Phoenix police officer opposing implementation

PHOENIX – In the first courtroom showdown over Arizona’s new immigration law, an attorney for a Phoenix police officer asked a federal judge Thursday to halt the implementation of much of the statute, saying it undermines the ability of the federal government to set foreign policy.

“We have only one nation; we can only have one immigration law,” attorney Stephen Montoya argued in a courtroom packed with more than 100 spectators. “Even though the state of Arizona believes Congress is not very competent and is inept, the state of Arizona has to live with the laws of Congress.”

The law, set to take effect July 29 unless U.S. District Judge Susan Bolton stops it, requires police to investigate the immigration status of people they stop and also have reason to believe are in the country illegally. It also makes it a crime in Arizona to lack immigration documents.
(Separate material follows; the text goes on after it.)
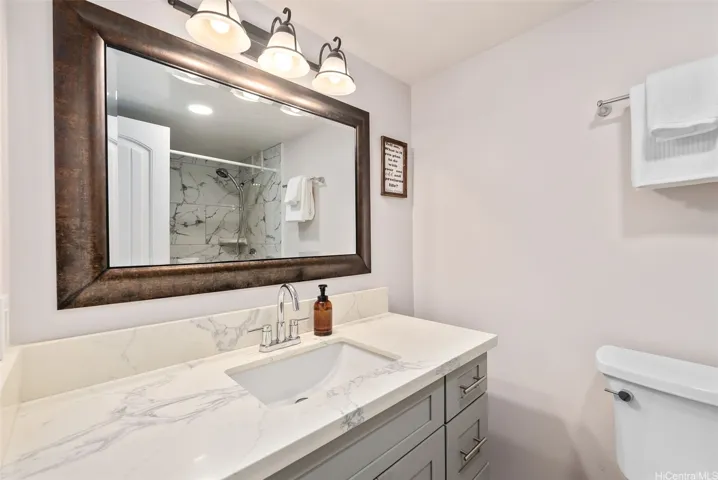 Primary bath has a walk-in shower.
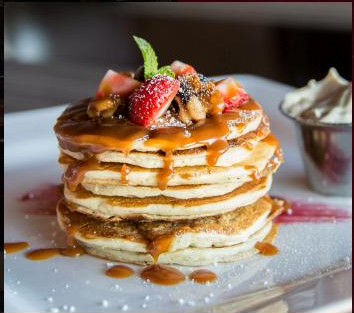 A stack of pancakes with strawberries and caramel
Bolton took the matter under advisement after a two-hour hearing and gave no indication when she would issue a decision. She is scheduled to hear similar arguments July 22 in lawsuits filed by civil rights groups and the Obama administration.

Outside the courthouse, small groups of supporters and opponents of the law waved signs and American flags. “Adios Illegals,” read one backer’s T-shirt. Inside, both attorneys’ arguments veered smoothly from the legal to the political.
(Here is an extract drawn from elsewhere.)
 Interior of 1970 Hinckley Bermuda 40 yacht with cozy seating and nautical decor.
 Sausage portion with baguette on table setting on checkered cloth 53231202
John Bouma, a lawyer for Gov. Jan Brewer, said the state wants only to help the federal government do what it has so far been unable to do: secure the border.
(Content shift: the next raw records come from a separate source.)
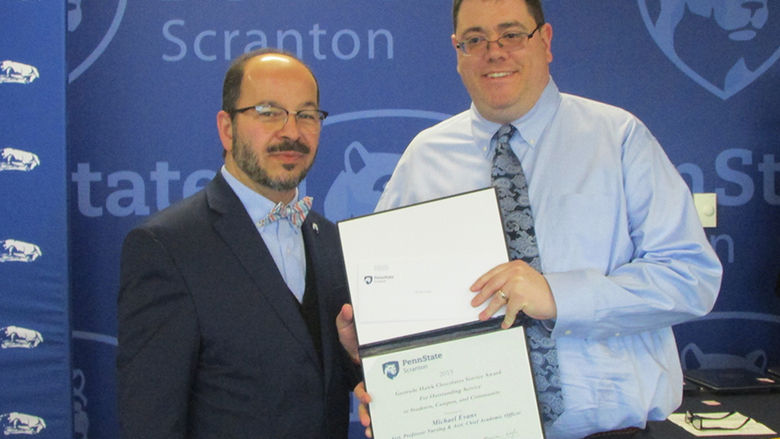 man in suit presents certificate to smiling man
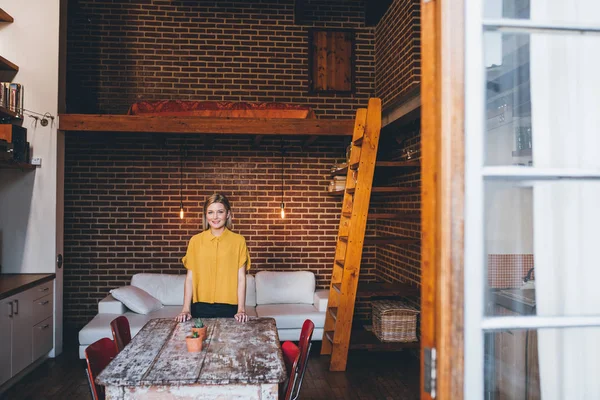 Woman standing at modern loft apartment — Stock Photo, Image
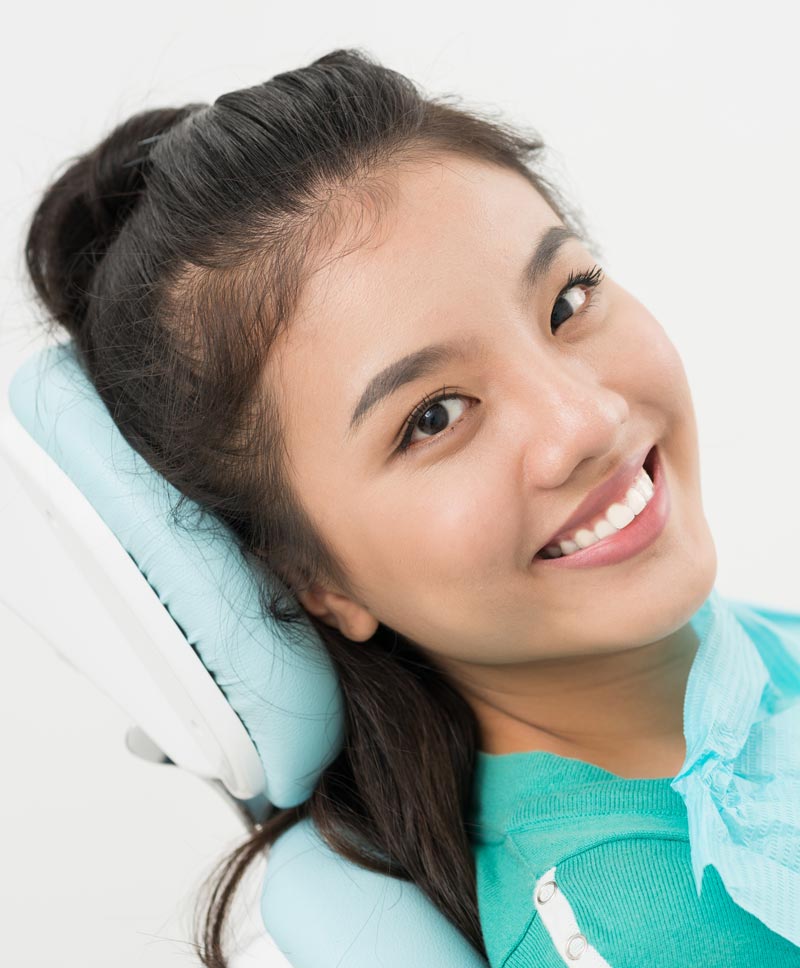 A young woman with light skin smiling at the camera while wearing headphones, likely for a hearing test or music session.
“There’s no reason Arizona should stand by and suffer the consequences of a broken system when Arizona has 15,000 well-trained law enforcement officers who can help the federal government fix it,” he said.

Federal courts have held that states cannot create their own immigration policies. But Bouma contended that the Arizona law, known as SB 1070, requires police to assist the federal government only by making various federal immigration crimes state offenses as well.

“The decision was made to make assisting the federal government in enforcing immigration laws a state policy rather than just a local option,” Bouma said.

Montoya scoffed at that suggestion, saying the best response to Arizona’s argument “is to laugh.” He noted that the Obama administration argues that the Arizona law will hinder the government in enforcing federal immigration regulations.